Reactions: +Karma 1 | Sincere 1


----------



## Wildthings (Nov 5, 2014)

real cool !!


----------



## Mrfish55 (Nov 5, 2014)

Well not the progress I wanted but family first, I do the majority of the sanding and apply a coat of wipe on poly before I cut the lids off, makes things easier


 
And if you are careful and didn't mix up the parts the grain on the corners should match up nice


 


 
And that will be all for a couple days, back to work tomorrow.

Reactions: Like 4 | Way Cool 3


----------



## Sprung (Nov 6, 2014)

Very nice, Dave! Nice boxes and thanks for sharing! I'll be looking forward to seeing the rest of this.

Reactions: Thank You! 1


----------



## Wildthings (Nov 6, 2014)

Thanks for sharing this with us!! I'm heading to the shop to start mine!!


----------



## Mrfish55 (Nov 7, 2014)

Snuck in some shop time tonight, first thing we do is cut the top off, note the marking for hinge location, I go 25mm from the corner and 3.5mm in from the edge


 
Now drill the holes, my hinges use a 4.5 mm, I use a brad point bit for accuracy


 
I use the router table with a 45 bit, you want to cut just a tiny bit past half way into the hole so the lid opens all the way, if you drill too far in from the edge you will have a huge 45, too close to the edge and there will not be enough support, I find somewhere between 3 and 4 mm works good


 
Now press in the hinges, a little 5 min epoxy in the hole holds nice, you want the pivot pin at the seam between lid and body, open and close the lid a couple times and the hinges will set themselves then set aside till the epoxy sets


 
You can change how far the lid opens with the amount of chamfer you use, I go a little larger so the lid opens past 90 but you can tighten it up.


 
And there you have a completed basic box, now we can spice them up with some extras


 


 


 
Any questions please ask away, best to practice hinges on some scrap first, happy box building

Reactions: Like 4 | Way Cool 3


----------



## Kevin (Nov 7, 2014)

Great tutorial Dave thanks for the awesome content.


----------



## Mrfish55 (Nov 7, 2014)

Kevin said:


> Great tutorial Dave thanks for the awesome content.


Thanks Kevin, I will post pics of the finished lot before I start the next run, hope this helped out those that want to try this style hinge or that were having issues with the install.

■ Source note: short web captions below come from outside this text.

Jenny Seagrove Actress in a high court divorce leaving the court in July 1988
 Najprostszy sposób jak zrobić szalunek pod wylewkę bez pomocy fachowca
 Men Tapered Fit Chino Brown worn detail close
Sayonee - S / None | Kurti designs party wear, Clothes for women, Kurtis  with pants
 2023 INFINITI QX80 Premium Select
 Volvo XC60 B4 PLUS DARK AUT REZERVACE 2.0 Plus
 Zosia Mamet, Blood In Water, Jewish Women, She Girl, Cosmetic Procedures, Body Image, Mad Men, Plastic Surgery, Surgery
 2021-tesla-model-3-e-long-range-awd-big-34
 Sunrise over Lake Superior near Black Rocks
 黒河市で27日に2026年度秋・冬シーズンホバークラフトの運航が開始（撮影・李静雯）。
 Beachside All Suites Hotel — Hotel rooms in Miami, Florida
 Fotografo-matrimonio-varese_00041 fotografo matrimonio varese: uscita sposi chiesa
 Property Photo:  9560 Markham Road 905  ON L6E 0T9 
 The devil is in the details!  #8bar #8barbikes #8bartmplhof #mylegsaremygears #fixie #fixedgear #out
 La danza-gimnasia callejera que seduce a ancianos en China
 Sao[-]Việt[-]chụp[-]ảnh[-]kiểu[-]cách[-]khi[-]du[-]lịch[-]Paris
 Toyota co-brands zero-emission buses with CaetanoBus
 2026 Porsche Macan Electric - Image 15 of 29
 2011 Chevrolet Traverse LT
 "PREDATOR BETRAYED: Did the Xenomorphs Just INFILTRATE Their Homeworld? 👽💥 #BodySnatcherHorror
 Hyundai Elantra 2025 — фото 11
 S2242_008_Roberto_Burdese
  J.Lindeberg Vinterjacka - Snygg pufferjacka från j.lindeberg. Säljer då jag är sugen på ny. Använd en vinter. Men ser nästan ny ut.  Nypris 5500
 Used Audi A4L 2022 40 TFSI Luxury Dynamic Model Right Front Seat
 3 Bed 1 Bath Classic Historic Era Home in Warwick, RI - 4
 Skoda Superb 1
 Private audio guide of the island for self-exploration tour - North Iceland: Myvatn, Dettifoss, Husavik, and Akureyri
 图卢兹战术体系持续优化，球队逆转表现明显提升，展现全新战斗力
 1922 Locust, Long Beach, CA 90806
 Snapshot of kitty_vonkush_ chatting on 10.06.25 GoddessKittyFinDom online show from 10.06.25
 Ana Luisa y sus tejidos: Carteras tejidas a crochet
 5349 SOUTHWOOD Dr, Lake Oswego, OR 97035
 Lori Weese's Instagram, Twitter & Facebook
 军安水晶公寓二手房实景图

I like these as they are quick and cheap, also give a clean install.


----------



## JR Parks (Nov 7, 2014)

Thanks Dave - very cool boxes.


----------



## woodtickgreg (Nov 7, 2014)

Great tutorial, thanks for doing this for everyone. I enjoyed watching.


----------



## Mrfish55 (Nov 7, 2014)

Once you have the basics nailed down start to spice them up, cast wormy wood for the top


 
Add some feet


 
How's about some ebony trim? And you don't have to router the whole perimeter of the box, you can just do the back, let your imagination run wild

Reactions: Like 4


----------



## Sprung (Nov 9, 2014)

Dave, this is awesome - thanks for sharing it with us!

Do have one question - how do you cut the tops off the boxes? Table saw? Band saw? Would you happen to have a pic or two of the process or setup? Any tips or tricks? I tried it for two boxes I build at the beginning of the year and wasn't the happiest with how it turned out cutting the tops off.


----------



## Mrfish55 (Nov 9, 2014)

Hi Matt, I have another lot on the go when I get to that point I will get some pics I use a thin kerf blade on the table saw set so it is just shy of going all the way thru the sides, run all 4 sides thru the saw then use a razor knife to separate the two halves. Give me a couple days and I'll get you pics

Reactions: Like 1 | Thank You! 1


----------



## DLJeffs (Nov 9, 2014)

Great tutorial Dave. Thanks for taking the time. And for detailing the hinges you use.


----------



## Mrfish55 (Nov 14, 2014)

Finished off the last of this lot, got to love a nice piece of yellow cedar burl, solid slab or book match, all sexy!

Reactions: Like 1 | EyeCandy! 4 | Way Cool 1


----------



## manbuckwal (Nov 15, 2014)

Mrfish55 said:


> Finished off the last of this lot, got to love a nice piece of yellow cedar burl, solid slab or book match, all sexy!
> View attachment 64141
> View attachment 64142



Definitely like the YCB ! Great tutorial and wonderful boxes Dave !

Reactions: Thank You! 1 | Agree 1


----------



## LarryLeeK (Nov 24, 2014)

Thanks for the tutorial. The boxes look great.

Reactions: Thank You! 1


----------



## Albert Kiebert (Nov 29, 2014)

Thanks for posting this! I have been wanting to try some boxes with contrasting lids, just what I need to start practicing!!


----------